* Exercise data:
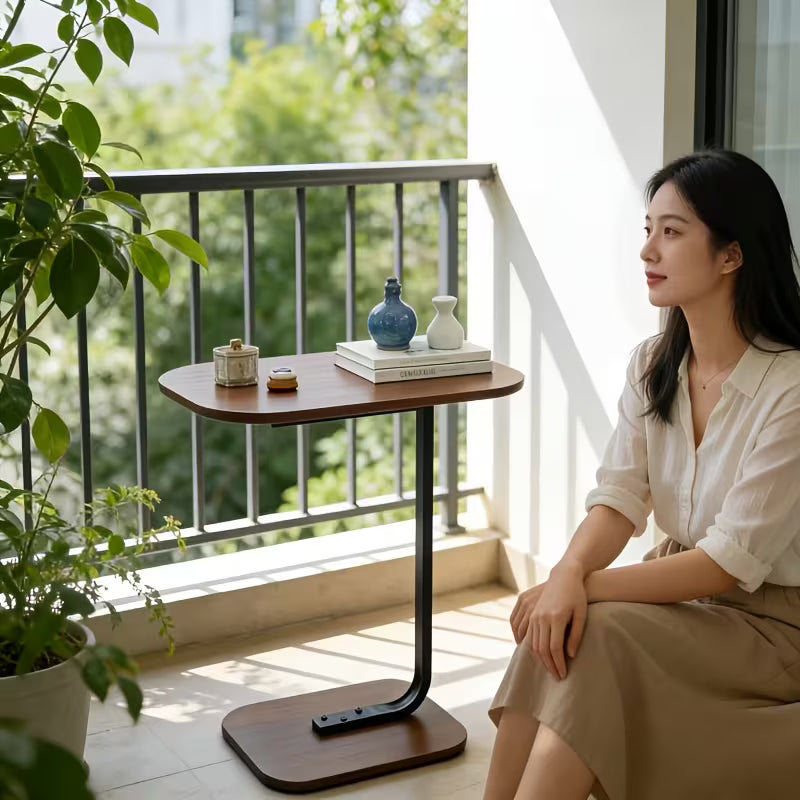 Multifunctional Wooden C-Shaped Sofa Side Table, Laptop Table, Living Room Square Desk New Arrival 2026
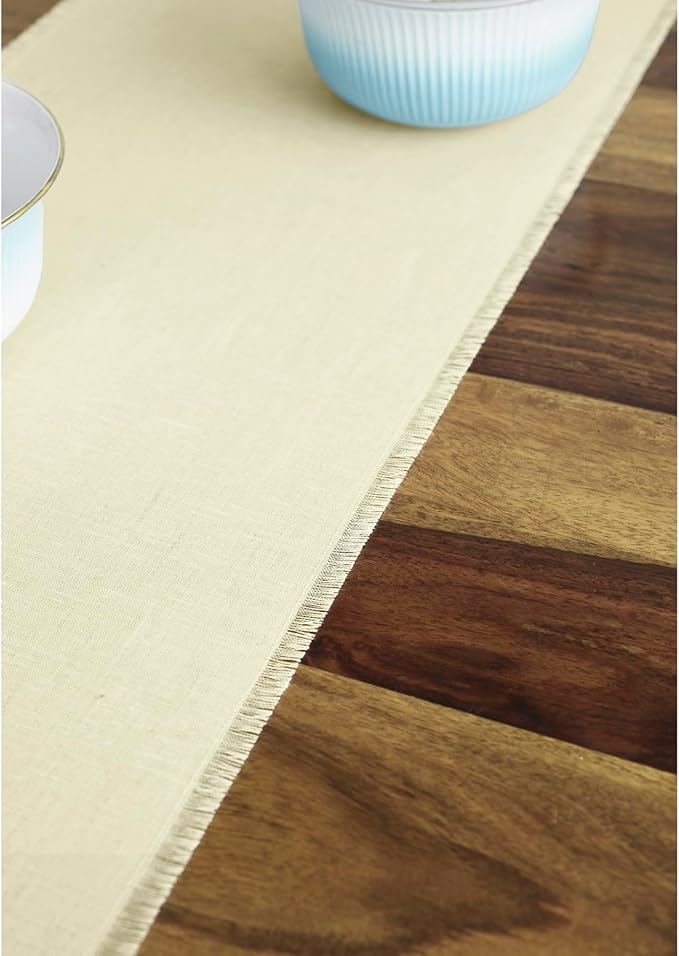 Solino Home Linen Creamy Ivory Table Runner 72 Inches Long - Fringe, 100% Pure Linen 14 x 72 Inch Table Runner for Spring, Easter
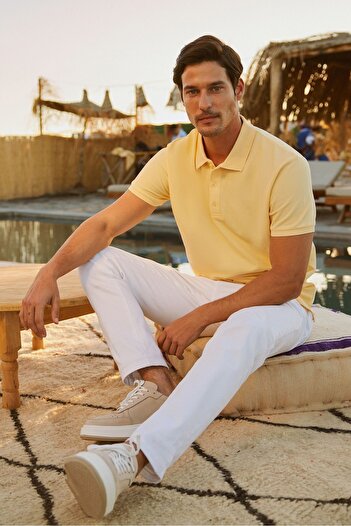 ALTINYILDIZ CLASSICS Žluté pánské bavlněné tričko Polo Neck Slim Fit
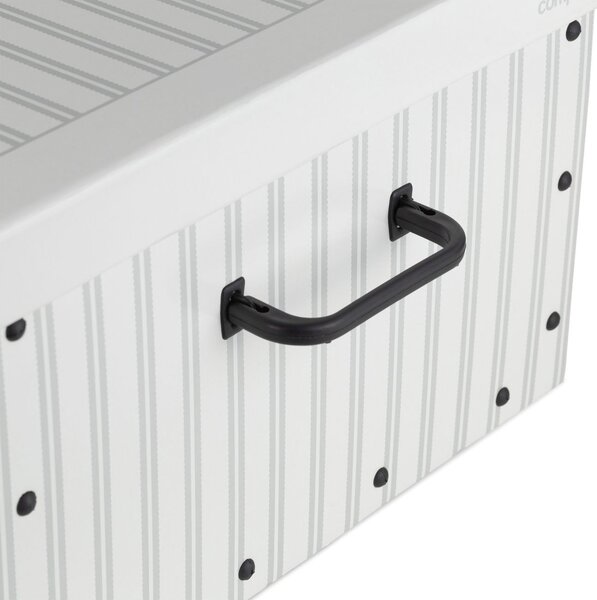 Skládací úložná krabice - karton box Compactor Anton 50 x 40 x v.25 cm, šedo-bílá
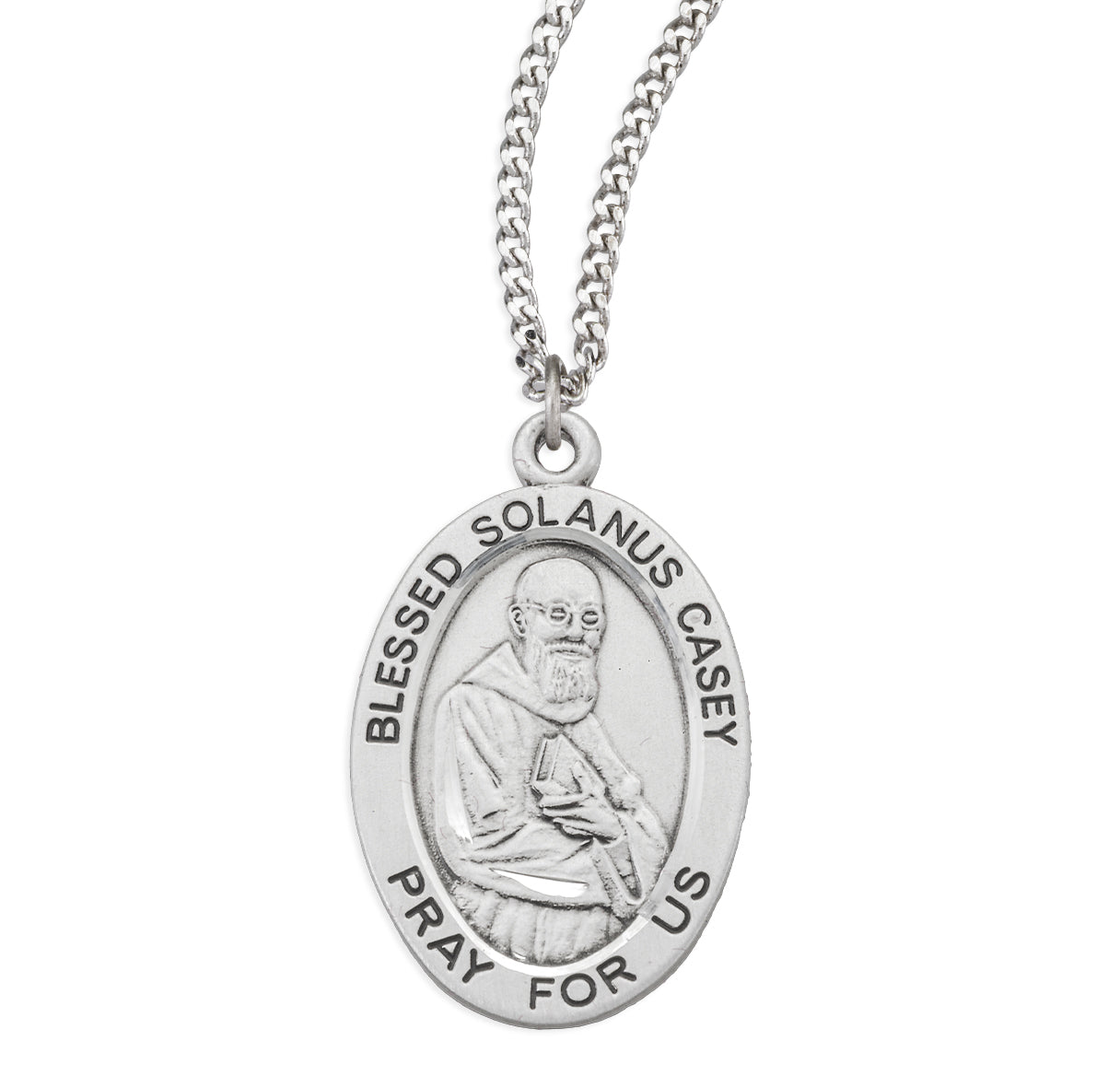 Blessed Solanus Casey Oval Sterling Silver Medal Pendant with Chain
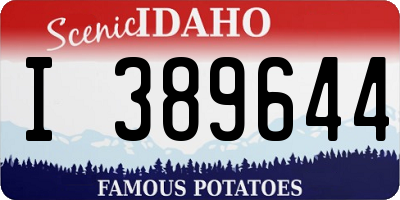 ID license plate I389644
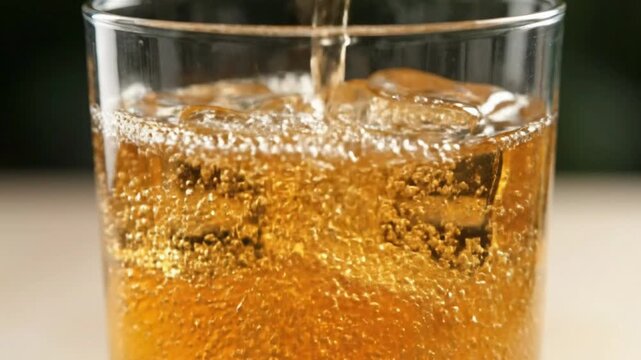 A refreshing drink being poured into a glass filled with ice, captured in a close-up shot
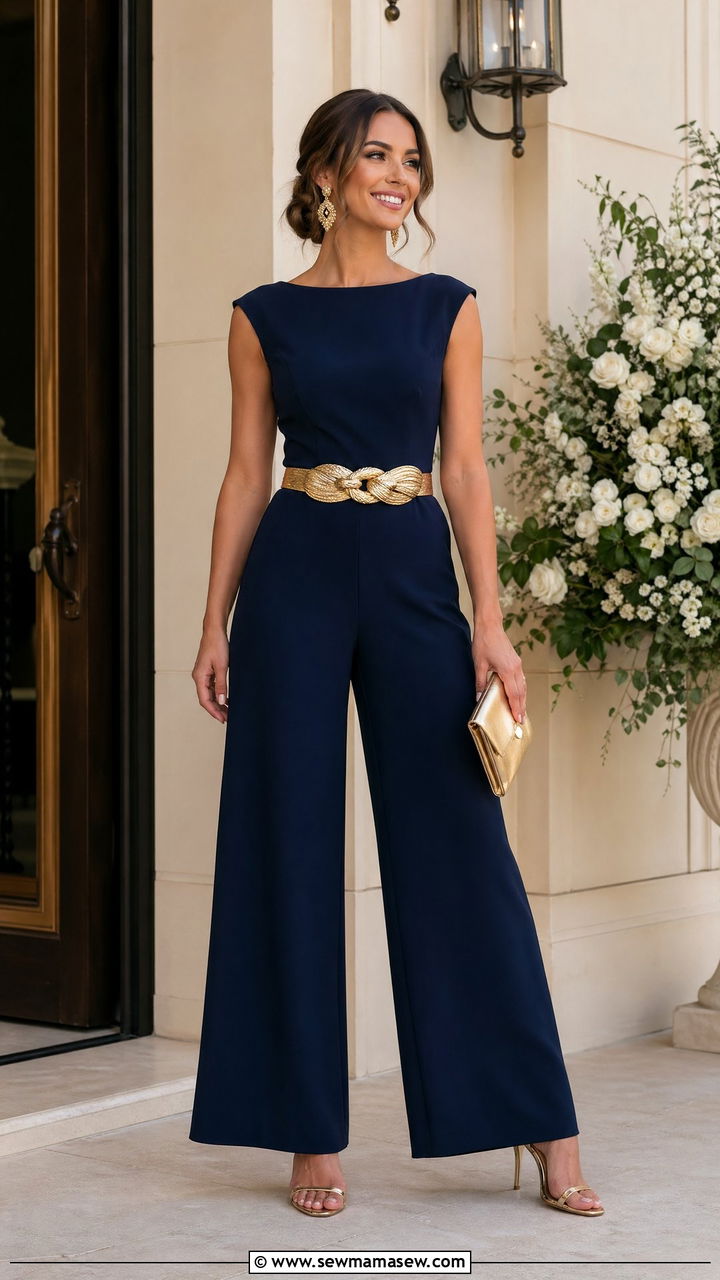 Wide Leg Jumpsuit With Statement Belt - 35 Wedding guest wide leg pants outfit ideas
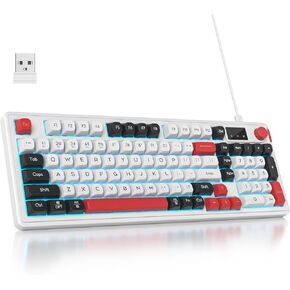 Owpkeenthy 96% Wireless Green Keyboard with Knob, 98 Keys Silent Gasket Mouted Membrane Gaming Keyboard 3-Mode Wired/Bluetooth 5.0/2.4G for Win/Mac(98 Matcha)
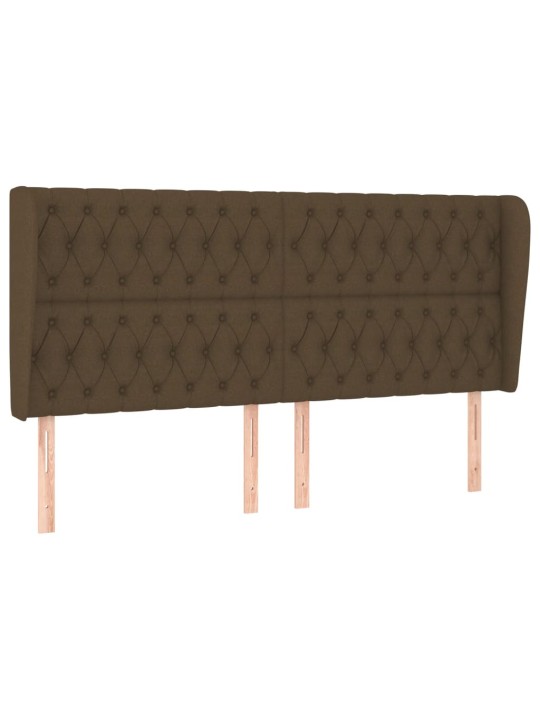 Čelo postele typu ušák tmavě hnědé 203x23x118/128 cm textil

* To do: Leaving every picture out, write out exactly the lines from the one that holds "Skládací úložná krabice" through the end of the listing, both included.

* Exercise response:
 Skládací úložná krabice - karton box Compactor Anton 50 x 40 x v.25 cm, šedo-bílá
 Blessed Solanus Casey Oval Sterling Silver Medal Pendant with Chain
 ID license plate I389644
 A refreshing drink being poured into a glass filled with ice, captured in a close-up shot
 Wide Leg Jumpsuit With Statement Belt - 35 Wedding guest wide leg pants outfit ideas
 Owpkeenthy 96% Wireless Green Keyboard with Knob, 98 Keys Silent Gasket Mouted Membrane Gaming Keyboard 3-Mode Wired/Bluetooth 5.0/2.4G for Win/Mac(98 Matcha)
 Čelo postele typu ušák tmavě hnědé 203x23x118/128 cm textil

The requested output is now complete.